• _Exercise instructions_
Return every line of the records, exact and in full, until you have returned the line with "On the day Adam", and include none of the pictures.

• _Data records_

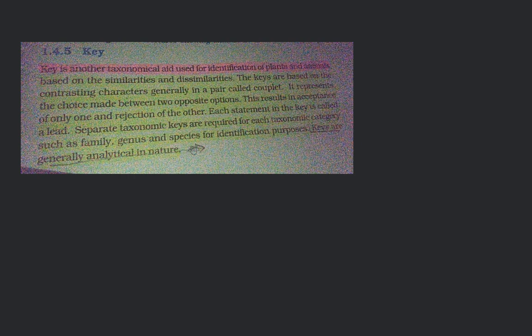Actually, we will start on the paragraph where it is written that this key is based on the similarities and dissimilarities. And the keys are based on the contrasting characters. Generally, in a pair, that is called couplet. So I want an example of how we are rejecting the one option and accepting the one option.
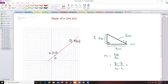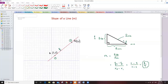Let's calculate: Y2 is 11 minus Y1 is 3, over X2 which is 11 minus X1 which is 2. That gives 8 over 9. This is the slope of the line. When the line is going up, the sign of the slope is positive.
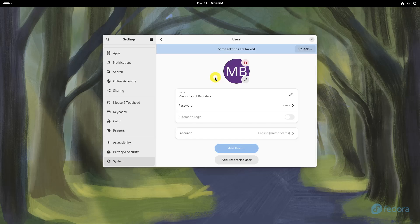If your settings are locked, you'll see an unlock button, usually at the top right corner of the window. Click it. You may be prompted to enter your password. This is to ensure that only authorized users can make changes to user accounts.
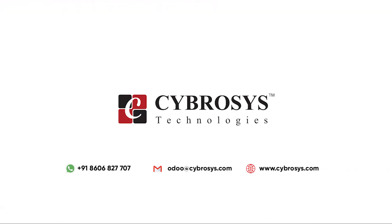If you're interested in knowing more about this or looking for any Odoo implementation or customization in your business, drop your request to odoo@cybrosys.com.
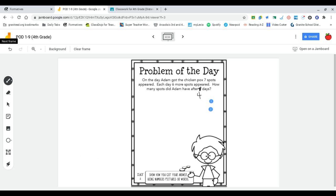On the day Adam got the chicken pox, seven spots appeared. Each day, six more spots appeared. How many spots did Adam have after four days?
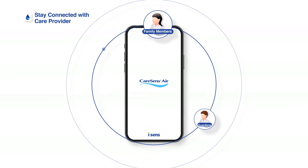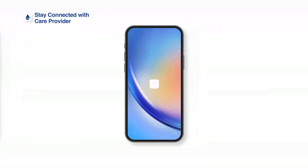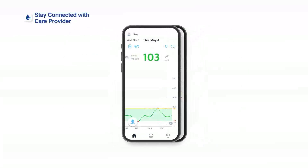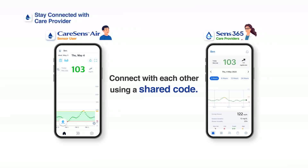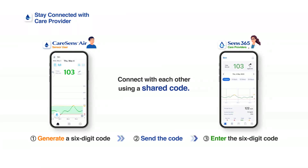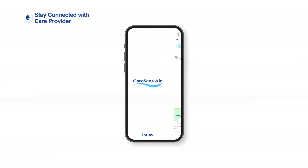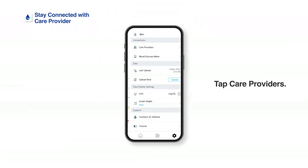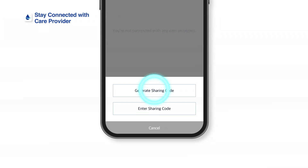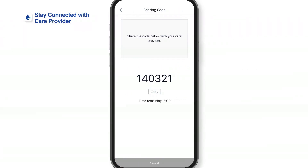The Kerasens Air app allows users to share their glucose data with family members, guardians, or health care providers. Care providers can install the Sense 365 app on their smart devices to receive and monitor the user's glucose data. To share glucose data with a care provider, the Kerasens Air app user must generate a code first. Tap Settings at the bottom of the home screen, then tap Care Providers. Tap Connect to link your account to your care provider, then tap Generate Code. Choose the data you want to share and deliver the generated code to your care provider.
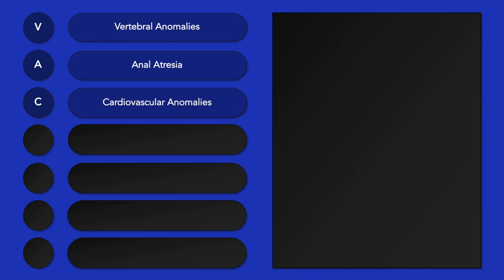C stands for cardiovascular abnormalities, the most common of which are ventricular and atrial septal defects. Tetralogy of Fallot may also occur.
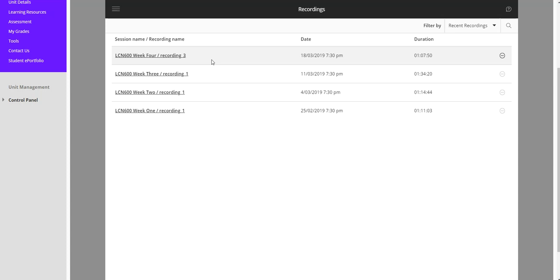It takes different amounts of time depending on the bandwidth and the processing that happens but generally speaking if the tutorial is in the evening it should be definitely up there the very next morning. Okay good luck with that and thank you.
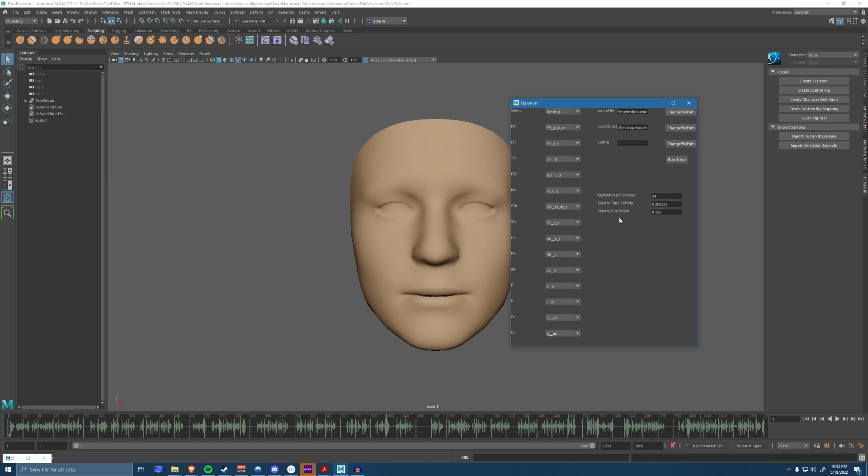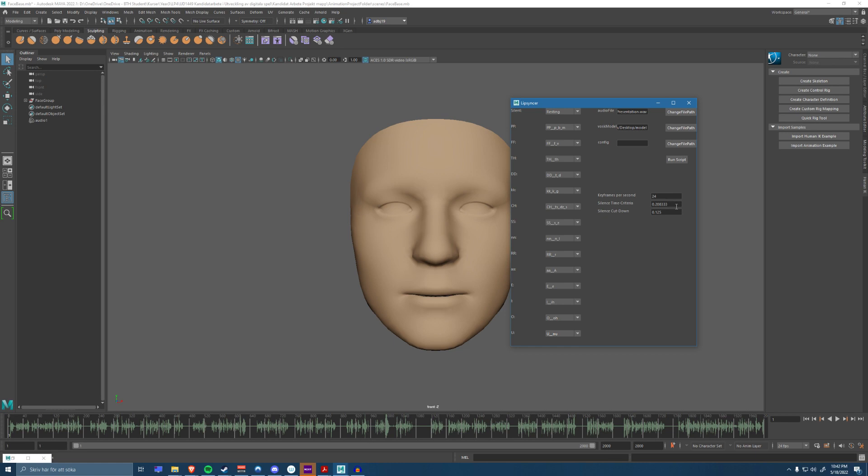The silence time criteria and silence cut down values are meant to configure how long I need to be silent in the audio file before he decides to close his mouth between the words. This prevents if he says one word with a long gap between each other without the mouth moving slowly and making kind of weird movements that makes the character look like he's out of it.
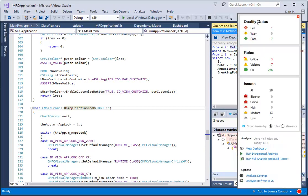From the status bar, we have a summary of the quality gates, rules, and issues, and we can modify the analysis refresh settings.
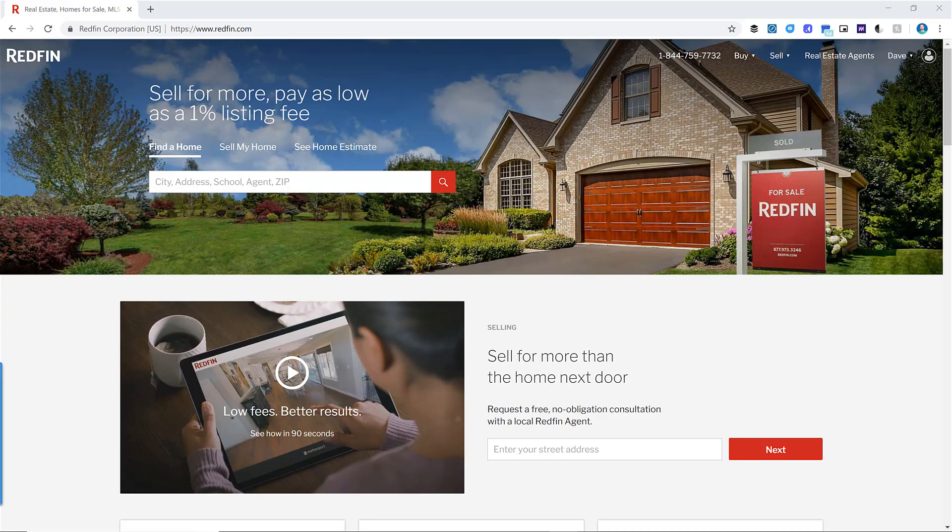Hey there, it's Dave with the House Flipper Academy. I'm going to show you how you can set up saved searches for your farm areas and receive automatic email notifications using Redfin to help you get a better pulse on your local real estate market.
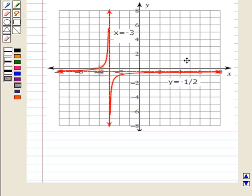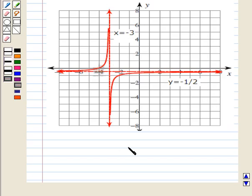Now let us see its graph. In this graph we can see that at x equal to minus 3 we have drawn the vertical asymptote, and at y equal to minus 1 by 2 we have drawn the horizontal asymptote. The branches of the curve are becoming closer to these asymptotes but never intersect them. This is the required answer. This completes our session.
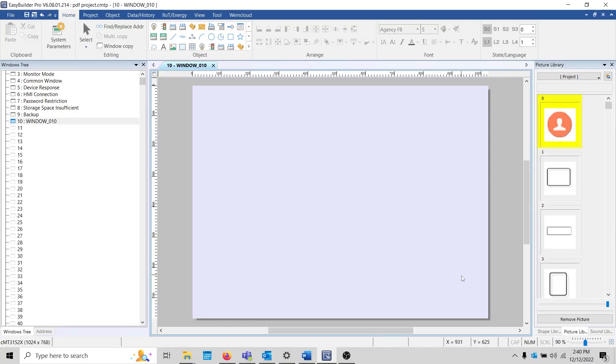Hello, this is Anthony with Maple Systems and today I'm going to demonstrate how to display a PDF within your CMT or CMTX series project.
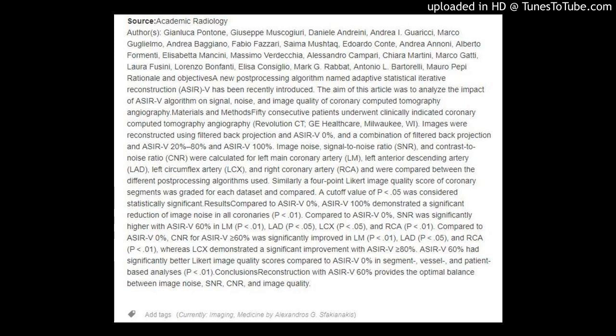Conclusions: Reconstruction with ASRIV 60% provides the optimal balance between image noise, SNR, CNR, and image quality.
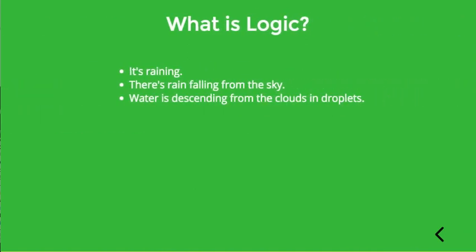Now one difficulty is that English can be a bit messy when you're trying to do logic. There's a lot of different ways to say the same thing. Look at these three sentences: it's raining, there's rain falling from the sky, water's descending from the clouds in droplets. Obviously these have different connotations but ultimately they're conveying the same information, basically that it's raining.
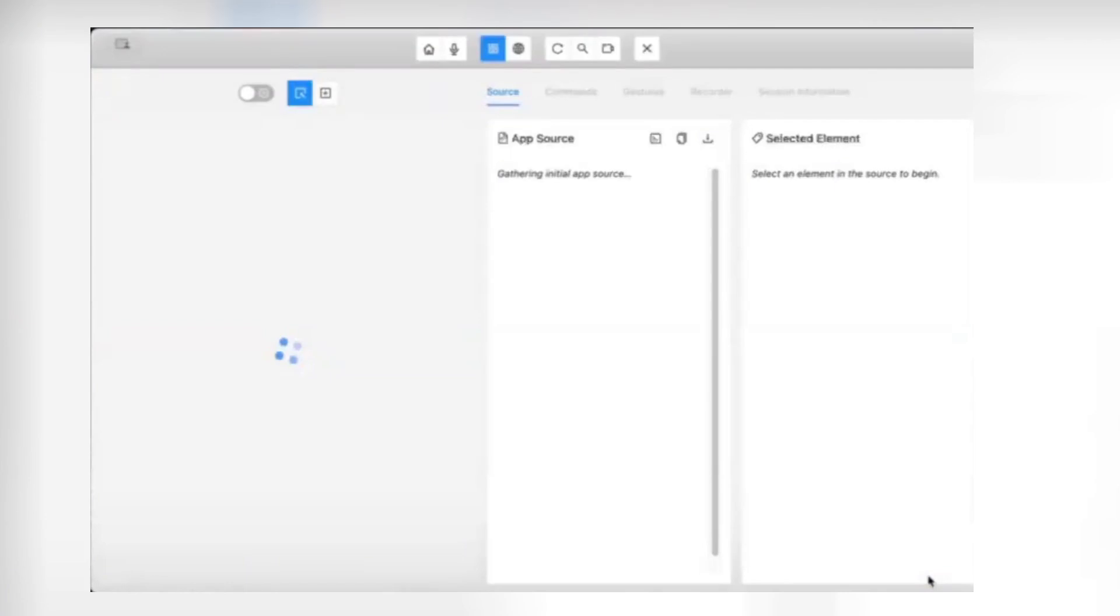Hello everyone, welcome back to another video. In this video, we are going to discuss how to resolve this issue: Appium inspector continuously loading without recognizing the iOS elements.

• _Output of the task_
Actually, we will start on the paragraph where it is written that this key is based on the similarities and dissimilarities. And the keys are based on the contrasting characters. Generally, in a pair, that is called couplet. So I want an example of how we are rejecting the one option and accepting the one option.
Let's calculate: Y2 is 11 minus Y1 is 3, over X2 which is 11 minus X1 which is 2. That gives 8 over 9. This is the slope of the line. When the line is going up, the sign of the slope is positive.
If your settings are locked, you'll see an unlock button, usually at the top right corner of the window. Click it. You may be prompted to enter your password. This is to ensure that only authorized users can make changes to user accounts.
If you're interested in knowing more about this or looking for any Odoo implementation or customization in your business, drop your request to odoo@cybrosys.com.
On the day Adam got the chicken pox, seven spots appeared. Each day, six more spots appeared. How many spots did Adam have after four days?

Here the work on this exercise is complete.